In turn, the erythrocyte sedimentation rate (ESR), or globular sedimentation rate, is an acute phase reactant defined as one of the useful complements in the prediction of patients with critical evolution.^{(4, 5)}

In Cuba, the National Strategic Plan to Confront COVID-19⁷ was designed in January 2020; which includes the Organizations of the Central State Administration, the Enterprises, Private Sector and the population in general. It comprises as part of its protocol, specifically in its Appendix-2, the complementary tests that should be indicated in each case. The hemogram with differential and erythrocyte sedimentation rate head the list of complementary tests in both suspected and confirmed cases.⁷

Taking into account the importance of the hemogram and its differential, as well as the ESR in the follow-up of the clinical evolution of SARS-CoV-2 infected patient, the present research aims to analyze the changes of these variables in hospitalized patients with COVID-19 in non-critical status, admitted to Dr. León Cuervo Rubio Provincial Clinical-surgical Teaching Hospital, Pinar del Río province, between March 16 and May 4, 2020.

METHODS

An observational-analytical and longitudinal-prospective (follow-up) study was conducted, in which a population of 44 SARS-CoV-2 confirmed patients was evaluated according to the Real Time Polymerase Chain Reaction (RT-PCR) ³, hospitalized at Dr. León Cuervo Rubio Provincial Clinical-surgical Teaching Hospitalin Pinar del Río province, between March 16 and May 4, 2020, none of them in critical condition. The patients were analyzed in four moments: at admission, at 48 hours of admission, at eighth day of admission and at discharge from the hospital.

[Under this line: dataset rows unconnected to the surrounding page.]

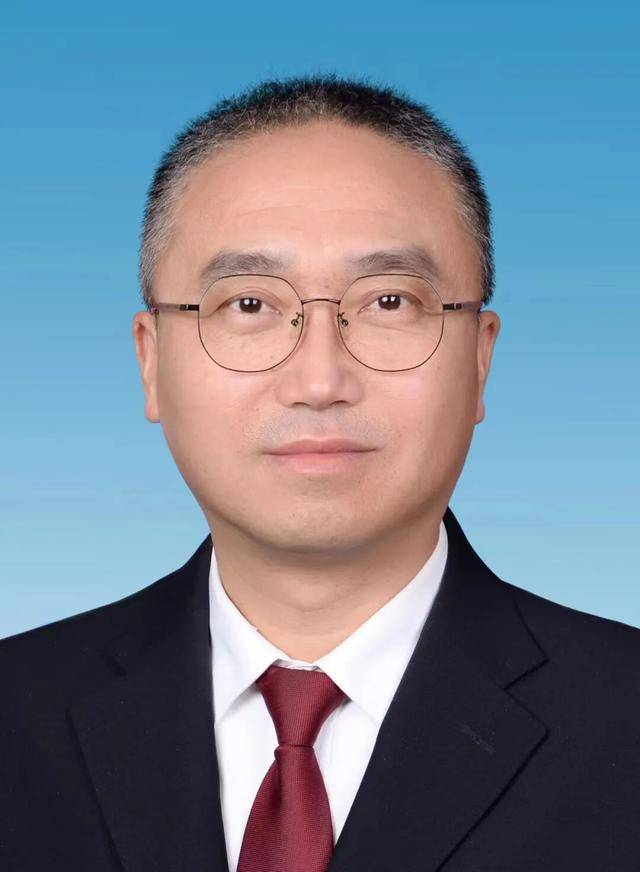 中央批准<strong></p>
<p>银行理财基金</strong>，陈新武、张伟履新职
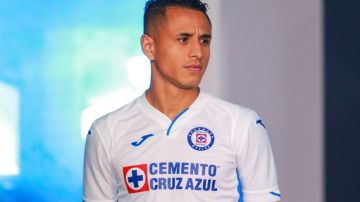 El peruano Yoshimar Yotún, es baja para el Cruz Azul por lo menos un mes.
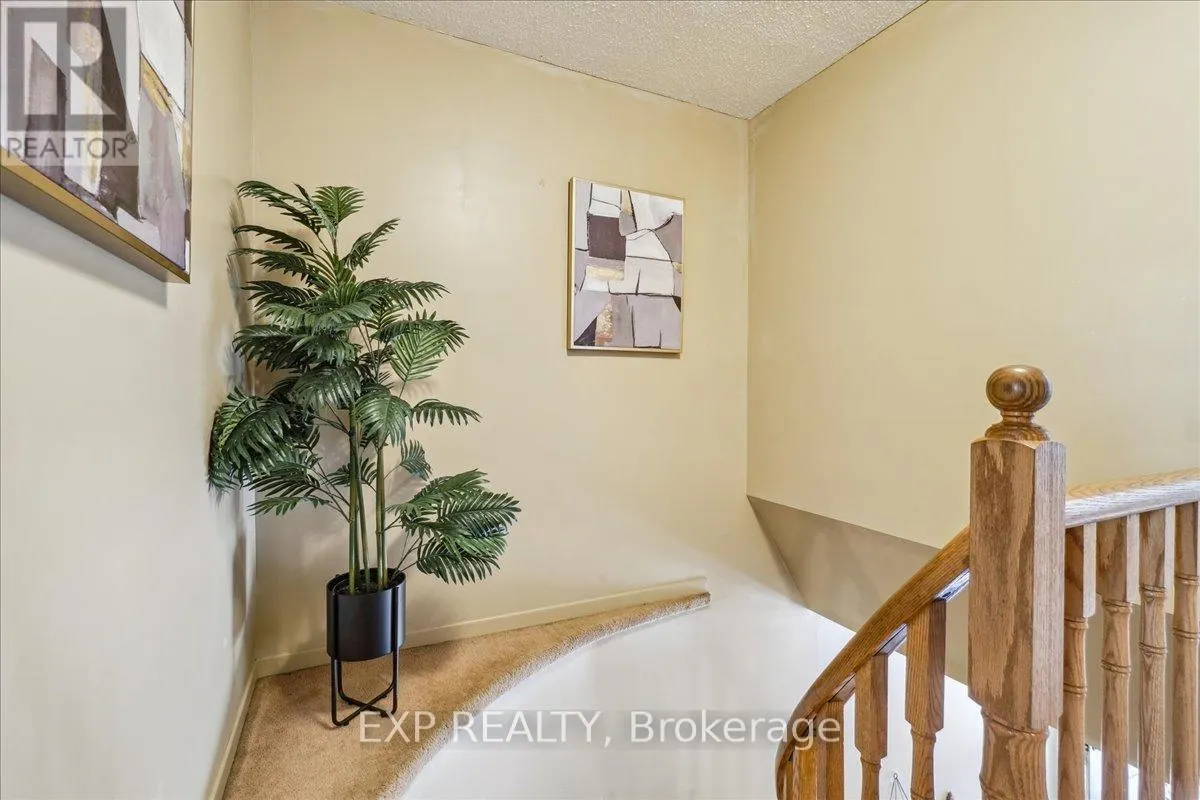 7 ROSSET VALLEY COURT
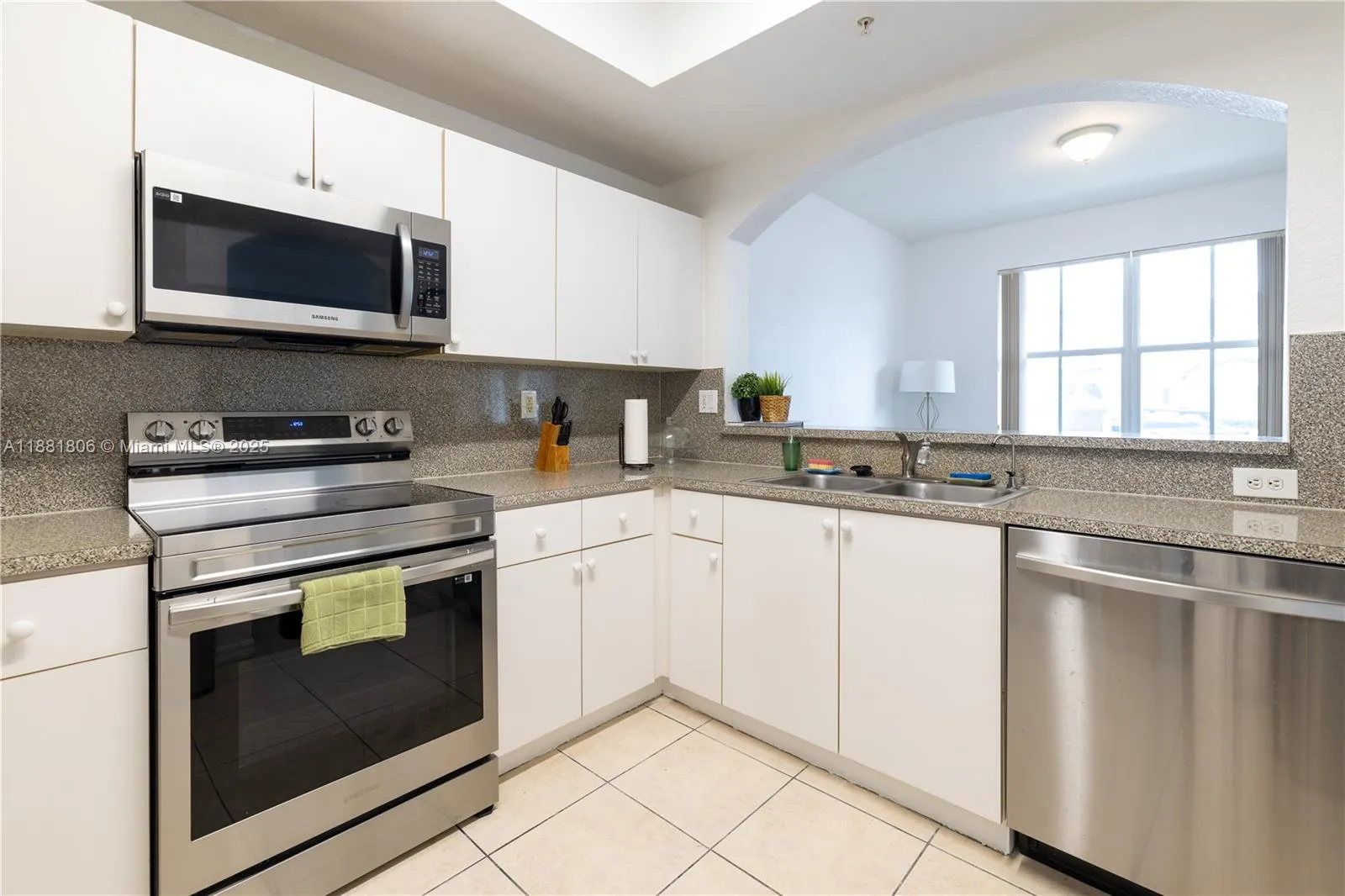 8826 W Flagler St, #113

The collection of the demographic, clinical and epidemiological data of the patients studied was possible due to the collaboration of the Department of Hygiene and Epidemiology of the Province.

Obtaining the samples

Each patient had 10 ml of blood drawn by venipuncture in one of the veins of the antecubital fossa, in accordance with the Guidelinesof Good Practice for the Clinical Laboratory and the national protocol for COVID-19 established by the Ministry of Public Health in Cuba. ^7,8 The hematological variables and ESR were taken as data, at the four moments described above.

Determination of hematological variables

The determination of Hemoglobin (g/L), Hematocrit, Global Leukocyte Count (x10⁹/L), Neutrophils (%), Lymphocytes (%) and Medium Size Cells (%) was performed with Mindray BC-3200 Hematology Complex, certified by Shenzhen Mindray Bio-Medical Electronics Co.,Ltd.; calibrated and controlled by B-30 Control Lot BC21115N-1 (For Mindray Hematology Analyzer).

Determination of ESR (Erythrocyte sedimentation) (mm/h)

Westergreen pipettes and stands were used for the ESR. The reading of the globular sedimentation rate was done on time, according to the requirements established for this procedure in Cuba. Reference values for all variables studied were those recognized in Cuba for adults and children. ⁸

The demographic, clinical, epidemiological and hematological data were stored in EXCEL 2016 for WINDOWS OFFICE. The normality of the quantitative variables was verified by the Shapiro-Wilk test. Data were summarized using statistics methods of central trend (mean), dispersion (standard deviation) and aggregation (percentages) according to the type of variable. The percentage distributions of the groups formed comprised for the qualitative variables were compared with the proportion-comparison test for independent samples.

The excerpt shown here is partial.